Whenever virtualization technology includes a hypervisor, then a virtual network can be created within the hypervisor layer to transparently network all the virtual machines operating under a single virtualized environment. This "virtual network" provides all the benefits and administrative responsibilities of a physical network, with the addition of some new challenges.
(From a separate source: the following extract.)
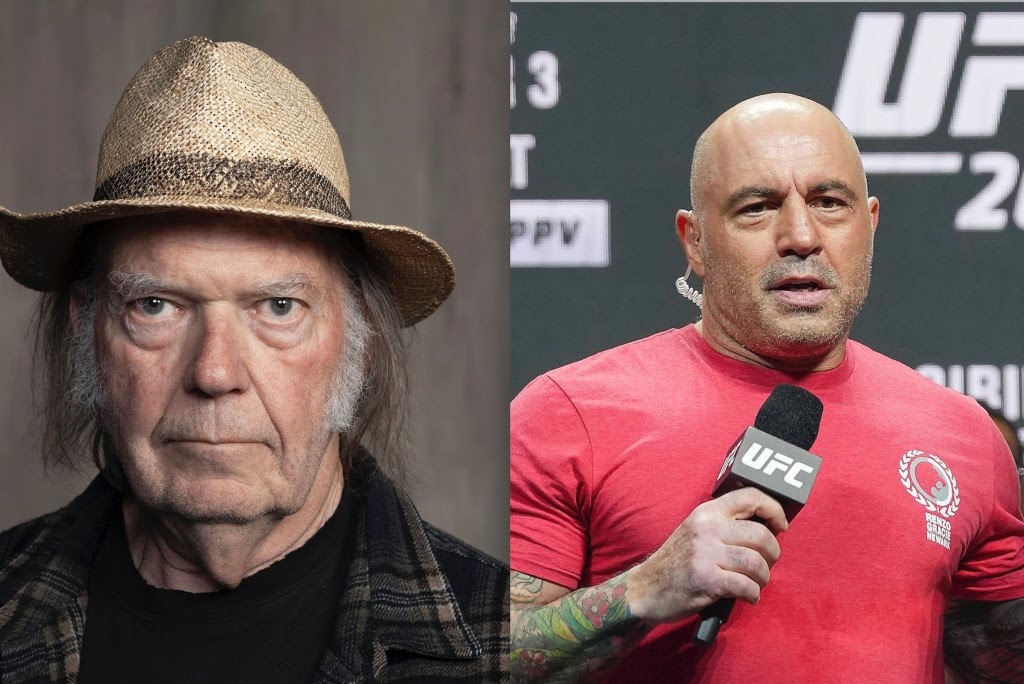 Joe Rogan and Neil Young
The founders of Altor Networks became aware early on that adoption of virtualization technologies in data centers had been accelerating for many years and several problems in virtual network security in particular became apparent:
- The virtual environment had some unique security characteristics and needs;
- Those needs were not being addressed effectively by IT security vendors; and
- Traditional security technologies were ill-equipped to protect virtualized IT resources.

It was decided that the way to address these challenges was to provide a solution that operated entirely within the virtualized environment as a purpose-built appliance to provide firewalling and other security services directly inside the virtual network without recourse to external hardware firewalls or intrusion detection appliances, or any associated VLAN rerouting out of the virtual network to the physical network and back again.

==Products==

Altor released the Virtual Network Security Analyzer (VNSA) as a tool to monitor and analyze virtual network traffic in March 2008, followed by the Altor VF 1.0 (which included the VNSA as a module) in October 2008. Integrated signature-based network intrusion detection was incorporated into the Altor VF 3.0 release in September 2009. The release of Altor VF 4.0 now leverages virtual machine introspection to bring visibility to internal virtual machine states for compliance assessment and automated security enforcement.
- Altor VNSA (Virtual Network Security Analyzer), released March 2008 (now part of Altor VF)
- Altor VF 1.0 (Altor Virtual Firewall), released October 2008
- Altor VF 2.0, released March 2009
- Altor VF 3.0, released September 2009
- Altor v4.0, released June 2010

Altor Networks offers a virtual security appliance for use within VMware ESX, with ongoing efforts to add support for Xen/Citrix and Microsoft HyperV/Viridian platforms.